■ **Task**:
Copy the data exactly from the line that contains "If that all" through the line that contains "Hi everybody, Steve", keeping both end lines and leaving out everything else.

■ **Data to process**:
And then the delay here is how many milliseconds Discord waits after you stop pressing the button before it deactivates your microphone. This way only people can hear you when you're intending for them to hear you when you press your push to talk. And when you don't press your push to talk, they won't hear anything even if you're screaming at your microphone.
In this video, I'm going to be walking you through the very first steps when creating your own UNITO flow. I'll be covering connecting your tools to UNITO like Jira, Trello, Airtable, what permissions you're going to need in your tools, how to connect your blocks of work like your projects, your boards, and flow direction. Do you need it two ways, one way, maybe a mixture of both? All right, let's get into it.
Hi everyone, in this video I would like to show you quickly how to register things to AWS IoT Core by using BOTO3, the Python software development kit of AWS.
...
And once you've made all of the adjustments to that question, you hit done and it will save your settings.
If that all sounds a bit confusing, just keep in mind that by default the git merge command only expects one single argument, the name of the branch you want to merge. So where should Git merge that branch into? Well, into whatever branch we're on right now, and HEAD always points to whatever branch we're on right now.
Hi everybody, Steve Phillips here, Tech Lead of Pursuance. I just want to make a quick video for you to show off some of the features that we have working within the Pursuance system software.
==
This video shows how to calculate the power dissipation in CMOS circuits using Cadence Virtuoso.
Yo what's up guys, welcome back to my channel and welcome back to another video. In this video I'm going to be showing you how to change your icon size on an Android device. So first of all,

■ **Finished task**:
If that all sounds a bit confusing, just keep in mind that by default the git merge command only expects one single argument, the name of the branch you want to merge. So where should Git merge that branch into? Well, into whatever branch we're on right now, and HEAD always points to whatever branch we're on right now.
Hi everybody, Steve Phillips here, Tech Lead of Pursuance. I just want to make a quick video for you to show off some of the features that we have working within the Pursuance system software.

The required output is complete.